The Wolves finished the regular season 22-6, second in the EBAL at 11-2, and ranked 28th in California. They have won ten consecutive games, including playoff wins over American Canyon (6-3) and Livermore (5-4 in a close one on Tuesday). The NCS Division I Championship is Thursday at 4:30 p.m. at Diablo Valley College in Pleasant Hill. Their opponent is College Park, the fourth seed, which knocked out top-seeded Alameda 3-1 in the semifinals. A team that has won ten straight and is playing with this kind of momentum does not fold easily. This is a title game.
Monte Vista Baseball Had a Season Worth Remembering
Monte Vista went 19-7 overall and finished a perfect 8-0 in EBAL play, claiming the league title outright. The Mustangs entered the NCS Division I tournament ranked 63rd in California, carried an 11-game winning streak into the postseason, and fell in the quarterfinals to Clayton Valley Charter, 3-1. Clayton Valley was 23-3 at the time and had won 18 of their last 19 games. It was a tough draw, and the Mustangs played well enough to be proud of how they got there.
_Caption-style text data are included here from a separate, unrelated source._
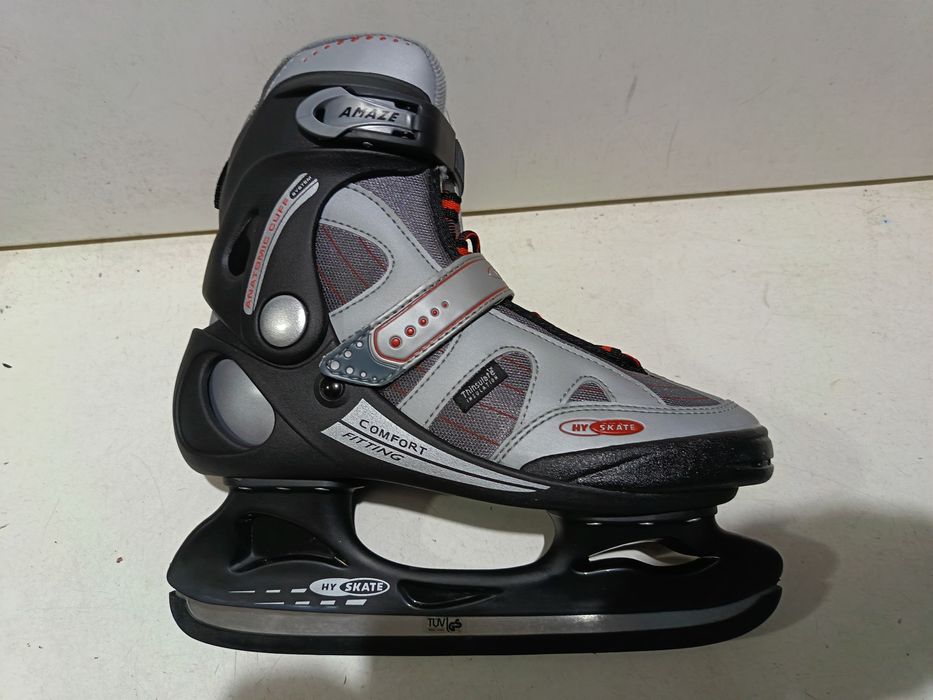 Łyżwy sportowe HY-SKATE rozmiar 39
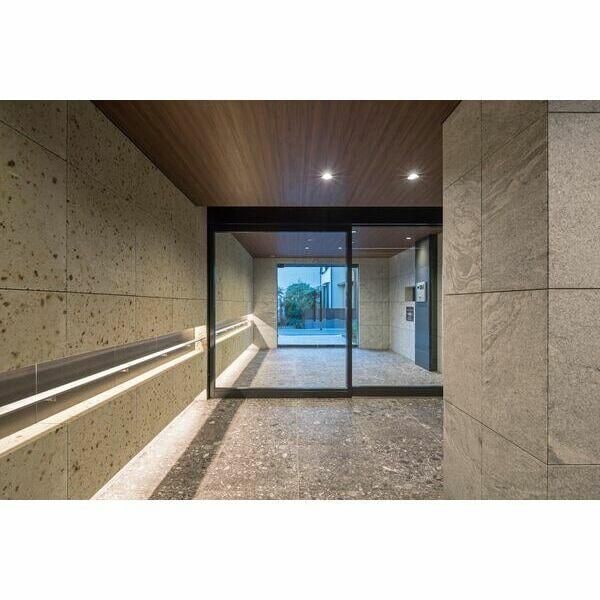 スパシエチェント成増の物件内観写真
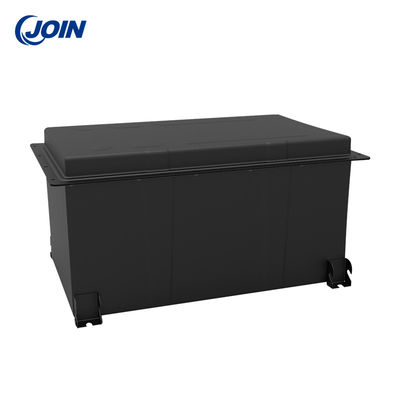 48V यूटिलिटी गोल्फ कार्ट लिथियम बैटरी LifePO4 48V 105Ah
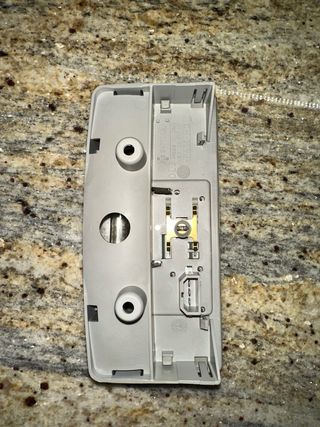 Luz Interior Seat León 1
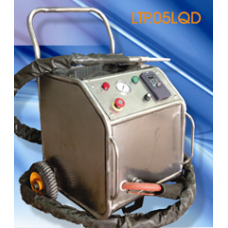 Máy bắn đá khô làm sạch LTP-05LQD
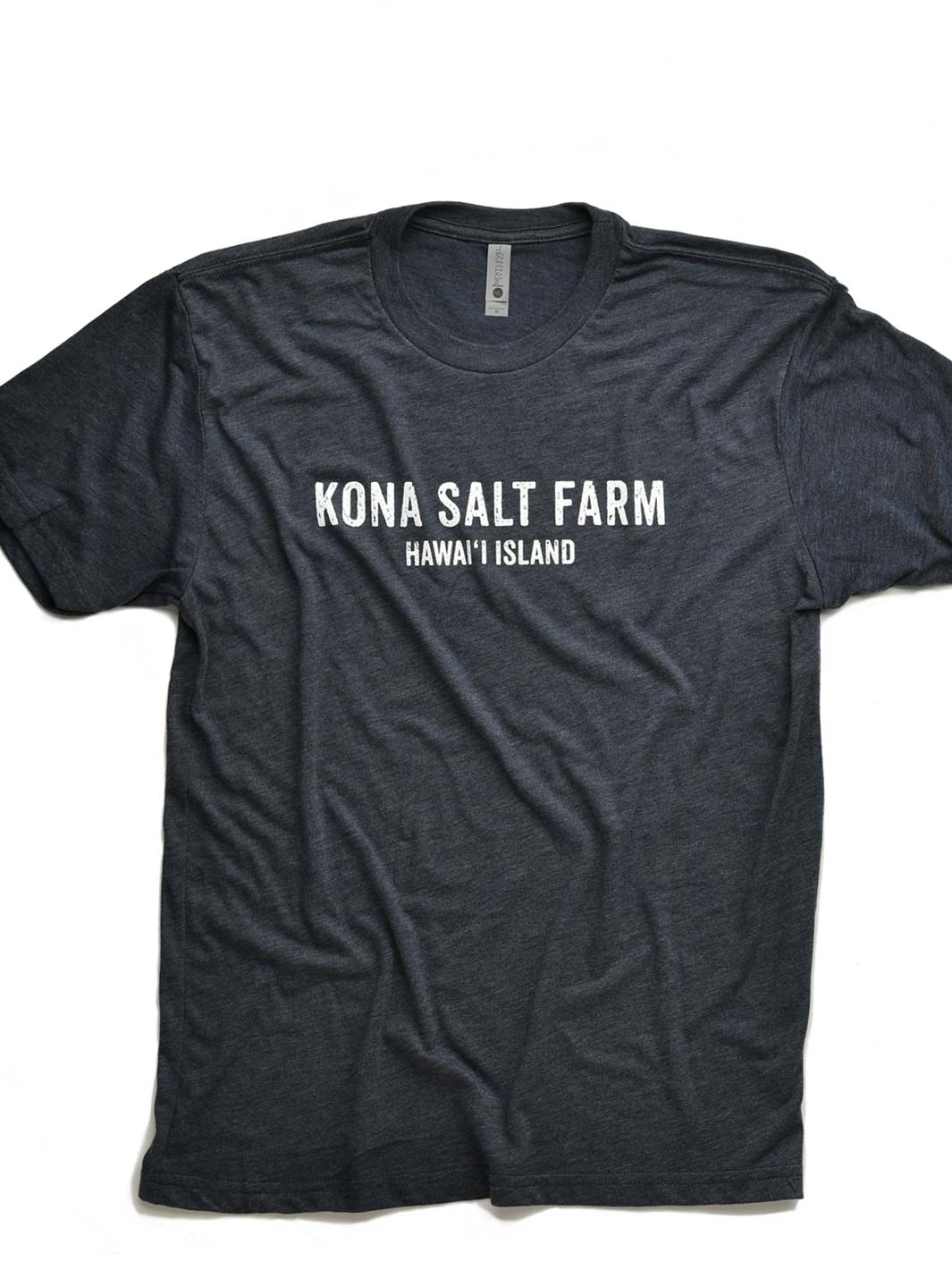 Kona Salt Farm Salty All Day Unisex T-Shirt
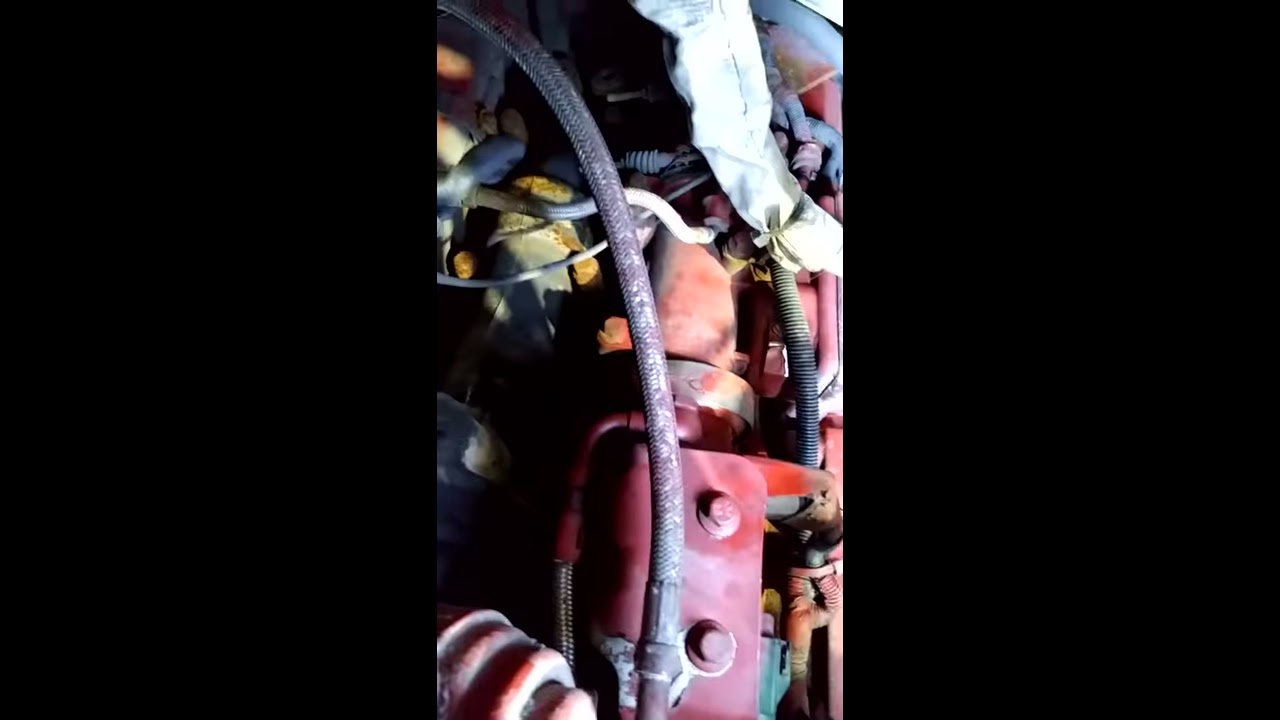 Delta P Sensor Location 2015 Cummins Fault Code 1866 YouTube Delta P Sensor Location 2015 Cummins Fault Code 1866 YouTube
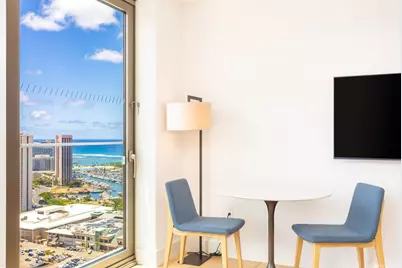 1390 Kapiolani Boulevard #3507, Honolulu, HI 96814 - Photo 3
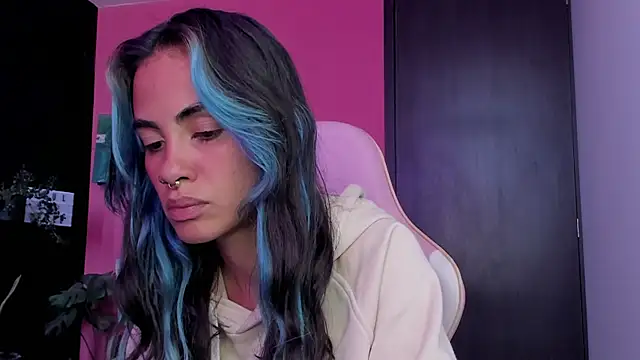 Snapshot of Juanadearco5 chatting on 14, 12, 2025 Juanadearco5 online show from 14, 12, 2025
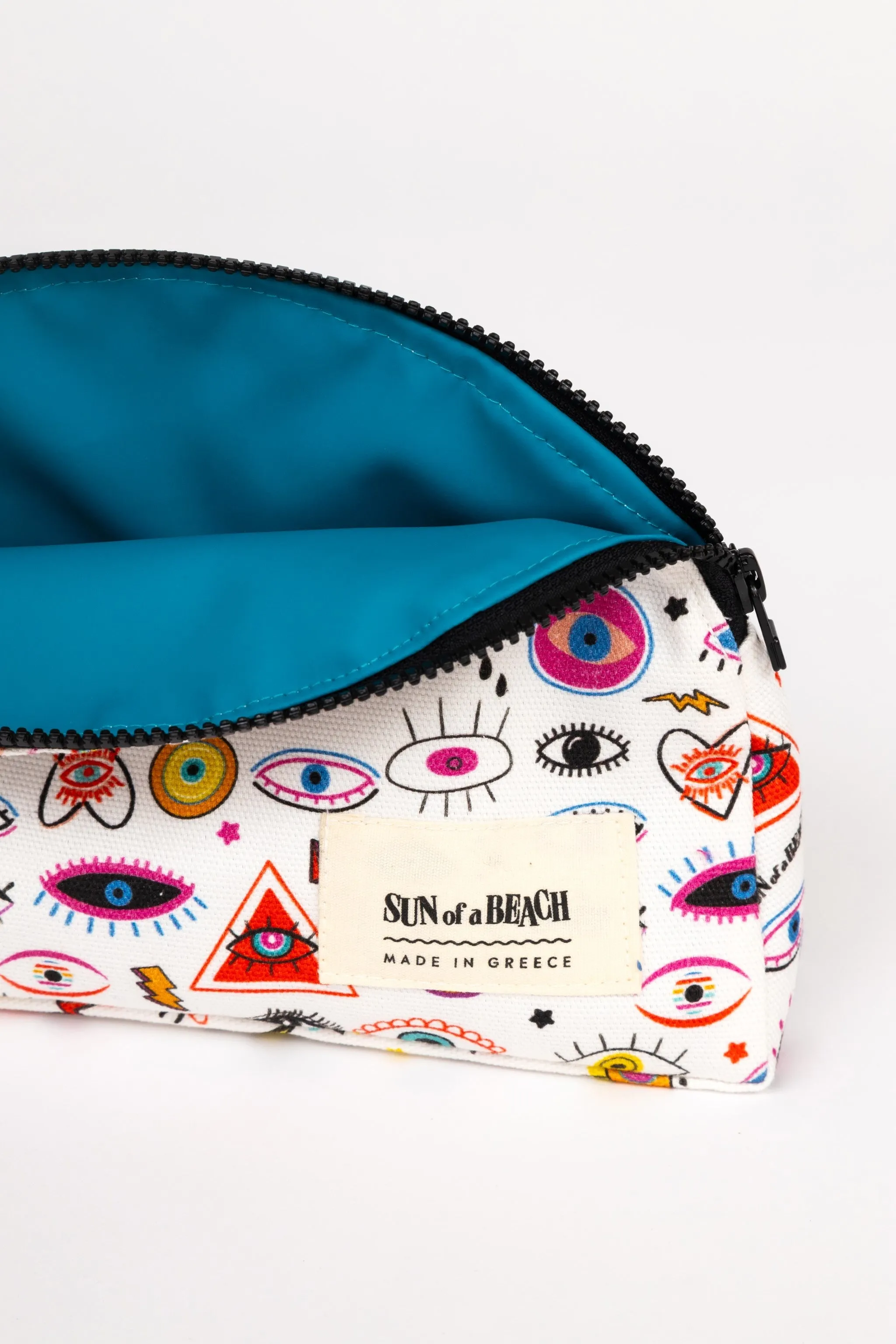 Starry Eyes | Small Waterproof Luna Pouch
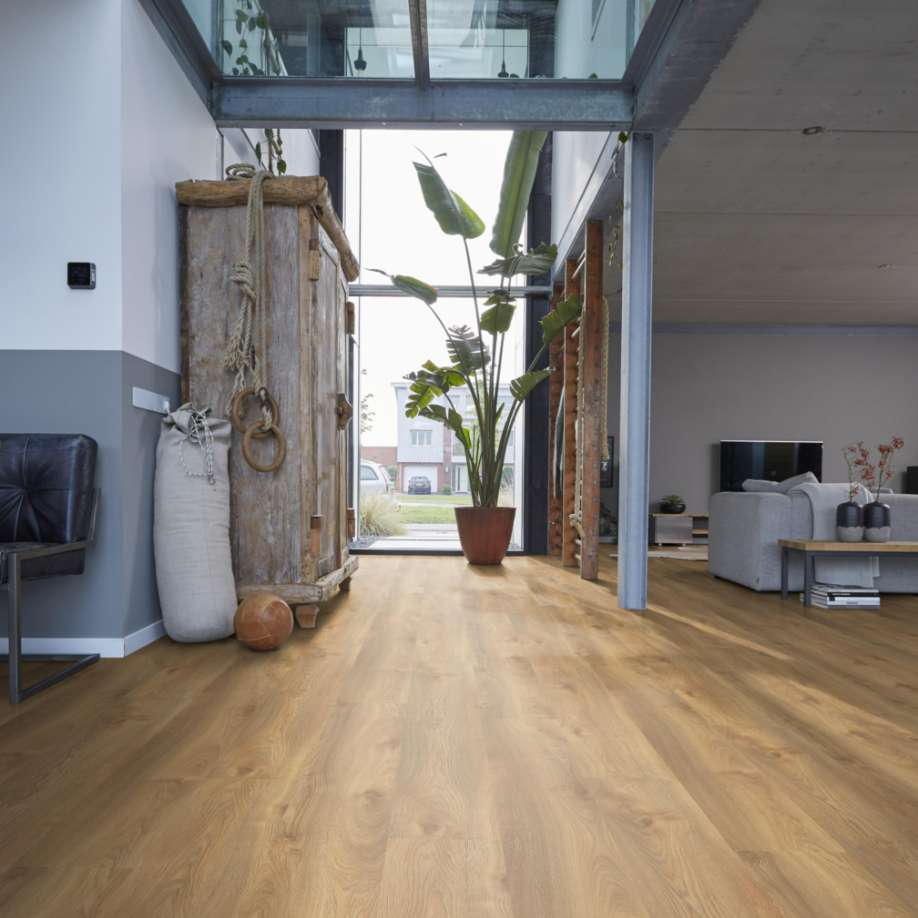 Floorlife Harlem eik naturel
Track Sends Local Athletes to the State Conversation
At the NCS Meet of Champions at Dublin High School, San Ramon Valley's Hope Diekmann won the Section 300 hurdles title outright in 42.53 seconds, finishing runner-up in the 100 hurdles on the same day. She anchored relay teams that placed third in both the 4x100 and 4x400. Over in the 800, Monte Vista's Ava Padilla placed third in a deep field with a time of 2:10.79. SRV's Nikolas Brown finished third in the pole vault at 15 feet, 2 inches.